**Exercise description**
Output the lines of the records from the one containing "Zeybekler Diyarı - Cd" through the last, both ends included. Leave pictures out.

**Given data**

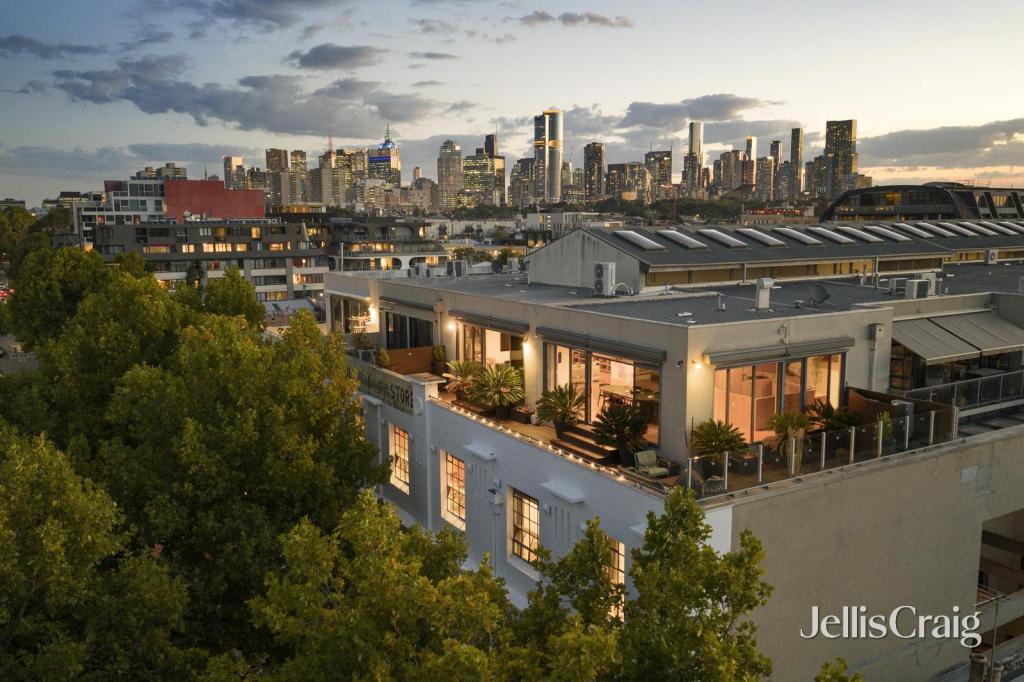 46/183 Kerr St, Fitzroy, VIC 3065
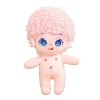 BEALIFE 20 cm Coton poupées en Peluche humanoïde Nue étoile Passant Maison Cadeaux Mobile Mode Filles Enfants Jouant en Peluc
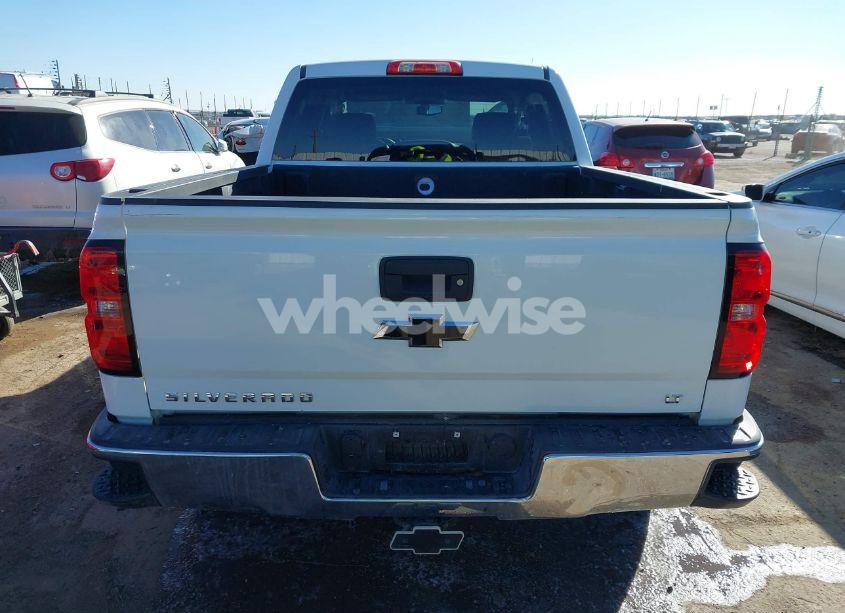 Photo 17 of 2016 Chevrolet Silverado 1500 1LT (VIN 3GCPCREC1GG380968)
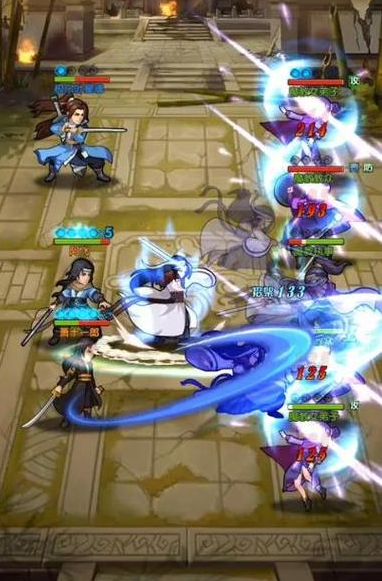 大掌门2主角培养什么3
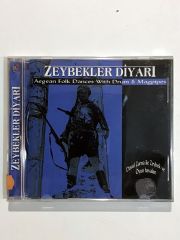 Zeybekler Diyarı - Cd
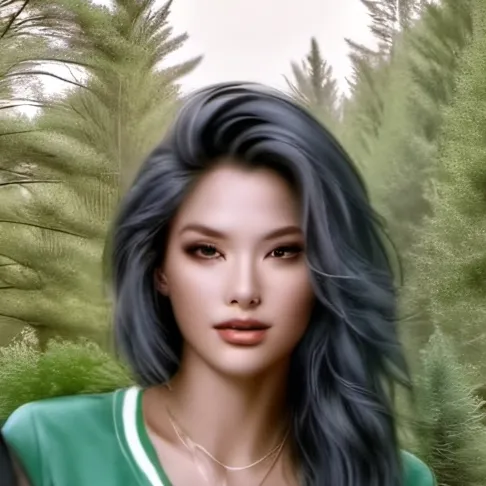 chat with ai character: Ashley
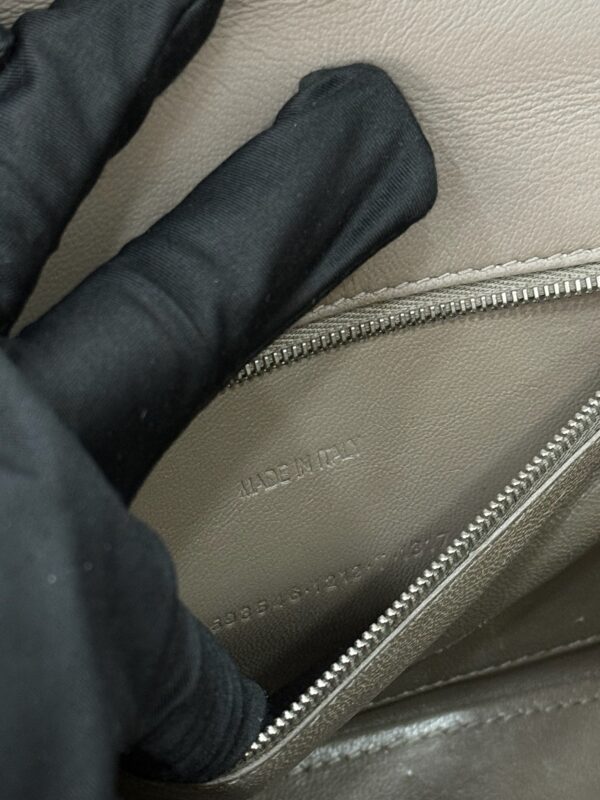 Balenciaga Hour Glass Small Croc - Image 7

**Response to the task**
 Zeybekler Diyarı - Cd
 chat with ai character: Ashley
 Balenciaga Hour Glass Small Croc - Image 7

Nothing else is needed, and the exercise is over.